(Stored items from a collection)
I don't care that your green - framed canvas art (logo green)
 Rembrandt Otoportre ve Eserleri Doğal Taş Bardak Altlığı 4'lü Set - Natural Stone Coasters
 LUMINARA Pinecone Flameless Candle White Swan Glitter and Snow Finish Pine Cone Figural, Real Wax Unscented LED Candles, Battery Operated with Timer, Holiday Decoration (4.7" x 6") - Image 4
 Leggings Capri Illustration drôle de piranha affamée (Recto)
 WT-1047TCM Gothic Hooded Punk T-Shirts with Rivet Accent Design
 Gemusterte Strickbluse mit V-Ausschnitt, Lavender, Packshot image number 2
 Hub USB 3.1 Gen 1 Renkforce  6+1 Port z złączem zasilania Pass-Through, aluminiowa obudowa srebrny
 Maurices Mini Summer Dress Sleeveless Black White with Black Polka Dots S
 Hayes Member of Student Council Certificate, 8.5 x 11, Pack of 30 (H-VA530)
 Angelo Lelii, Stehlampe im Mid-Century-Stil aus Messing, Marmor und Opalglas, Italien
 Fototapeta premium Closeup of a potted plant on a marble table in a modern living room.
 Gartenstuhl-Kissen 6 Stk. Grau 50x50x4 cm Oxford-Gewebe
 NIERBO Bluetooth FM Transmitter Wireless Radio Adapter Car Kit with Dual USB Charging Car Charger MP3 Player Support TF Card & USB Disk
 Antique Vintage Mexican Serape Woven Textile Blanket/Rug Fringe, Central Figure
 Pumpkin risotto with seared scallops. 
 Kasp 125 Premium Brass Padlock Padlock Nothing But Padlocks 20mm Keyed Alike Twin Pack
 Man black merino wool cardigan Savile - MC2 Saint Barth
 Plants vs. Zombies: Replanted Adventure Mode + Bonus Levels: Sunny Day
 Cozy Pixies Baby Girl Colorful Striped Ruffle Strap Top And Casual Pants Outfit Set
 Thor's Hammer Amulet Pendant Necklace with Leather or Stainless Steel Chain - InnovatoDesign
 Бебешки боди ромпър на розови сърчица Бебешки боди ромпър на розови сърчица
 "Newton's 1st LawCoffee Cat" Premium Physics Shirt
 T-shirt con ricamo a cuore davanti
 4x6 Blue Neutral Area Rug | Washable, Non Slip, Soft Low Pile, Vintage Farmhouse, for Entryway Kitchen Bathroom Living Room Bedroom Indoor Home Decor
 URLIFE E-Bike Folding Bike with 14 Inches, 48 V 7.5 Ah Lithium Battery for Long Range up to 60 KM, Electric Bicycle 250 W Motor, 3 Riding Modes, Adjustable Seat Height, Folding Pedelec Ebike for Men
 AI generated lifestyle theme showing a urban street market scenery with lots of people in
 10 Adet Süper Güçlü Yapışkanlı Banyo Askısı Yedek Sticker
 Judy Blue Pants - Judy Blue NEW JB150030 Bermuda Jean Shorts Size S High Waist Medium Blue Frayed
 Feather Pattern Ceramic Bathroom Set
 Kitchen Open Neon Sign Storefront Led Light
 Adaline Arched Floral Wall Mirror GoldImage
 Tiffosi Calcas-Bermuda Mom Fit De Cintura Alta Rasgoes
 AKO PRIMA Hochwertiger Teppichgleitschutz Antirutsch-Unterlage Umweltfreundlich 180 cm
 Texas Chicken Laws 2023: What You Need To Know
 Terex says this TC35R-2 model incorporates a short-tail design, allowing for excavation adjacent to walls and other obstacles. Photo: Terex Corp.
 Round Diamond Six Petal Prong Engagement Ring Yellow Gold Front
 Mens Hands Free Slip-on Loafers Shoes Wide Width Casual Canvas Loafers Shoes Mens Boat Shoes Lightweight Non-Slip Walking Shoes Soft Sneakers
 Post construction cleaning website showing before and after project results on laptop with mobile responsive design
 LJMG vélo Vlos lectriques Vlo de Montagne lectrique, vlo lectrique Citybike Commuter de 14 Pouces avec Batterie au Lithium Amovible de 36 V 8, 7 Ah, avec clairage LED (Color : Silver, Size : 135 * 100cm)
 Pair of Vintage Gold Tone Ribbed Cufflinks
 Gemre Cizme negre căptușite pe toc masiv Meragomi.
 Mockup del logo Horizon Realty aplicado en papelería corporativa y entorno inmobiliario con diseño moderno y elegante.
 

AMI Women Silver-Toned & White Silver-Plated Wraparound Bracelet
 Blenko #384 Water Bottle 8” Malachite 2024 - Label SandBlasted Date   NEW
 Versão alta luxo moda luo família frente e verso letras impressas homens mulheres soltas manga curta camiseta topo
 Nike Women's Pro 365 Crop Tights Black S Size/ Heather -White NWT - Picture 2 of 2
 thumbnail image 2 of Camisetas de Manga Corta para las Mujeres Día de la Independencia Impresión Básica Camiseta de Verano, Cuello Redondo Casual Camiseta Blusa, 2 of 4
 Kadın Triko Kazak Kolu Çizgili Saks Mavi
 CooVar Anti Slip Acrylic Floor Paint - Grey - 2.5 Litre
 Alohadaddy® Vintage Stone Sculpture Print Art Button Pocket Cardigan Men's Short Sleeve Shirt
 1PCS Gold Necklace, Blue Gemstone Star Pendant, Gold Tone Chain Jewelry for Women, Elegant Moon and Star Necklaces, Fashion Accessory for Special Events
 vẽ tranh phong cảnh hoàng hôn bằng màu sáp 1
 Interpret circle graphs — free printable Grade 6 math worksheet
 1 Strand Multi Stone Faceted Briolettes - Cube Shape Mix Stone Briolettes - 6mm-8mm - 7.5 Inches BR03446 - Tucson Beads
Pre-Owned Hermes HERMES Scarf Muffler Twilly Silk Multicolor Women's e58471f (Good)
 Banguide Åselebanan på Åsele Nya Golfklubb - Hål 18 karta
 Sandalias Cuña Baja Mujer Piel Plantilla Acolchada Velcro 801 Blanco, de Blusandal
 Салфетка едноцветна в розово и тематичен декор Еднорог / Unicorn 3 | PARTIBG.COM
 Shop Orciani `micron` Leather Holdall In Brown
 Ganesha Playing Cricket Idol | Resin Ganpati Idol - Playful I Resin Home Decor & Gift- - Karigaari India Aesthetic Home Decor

* _Exercise prompt_:
Nothing but the lines from the first line of the data through the line with "Hayes Member of" should be returned, exactly as they appear, both ends included.

* _Exercise solution_:
I don't care that your green - framed canvas art (logo green)
 Rembrandt Otoportre ve Eserleri Doğal Taş Bardak Altlığı 4'lü Set - Natural Stone Coasters
 LUMINARA Pinecone Flameless Candle White Swan Glitter and Snow Finish Pine Cone Figural, Real Wax Unscented LED Candles, Battery Operated with Timer, Holiday Decoration (4.7" x 6") - Image 4
 Leggings Capri Illustration drôle de piranha affamée (Recto)
 WT-1047TCM Gothic Hooded Punk T-Shirts with Rivet Accent Design
 Gemusterte Strickbluse mit V-Ausschnitt, Lavender, Packshot image number 2
 Hub USB 3.1 Gen 1 Renkforce  6+1 Port z złączem zasilania Pass-Through, aluminiowa obudowa srebrny
 Maurices Mini Summer Dress Sleeveless Black White with Black Polka Dots S
 Hayes Member of Student Council Certificate, 8.5 x 11, Pack of 30 (H-VA530)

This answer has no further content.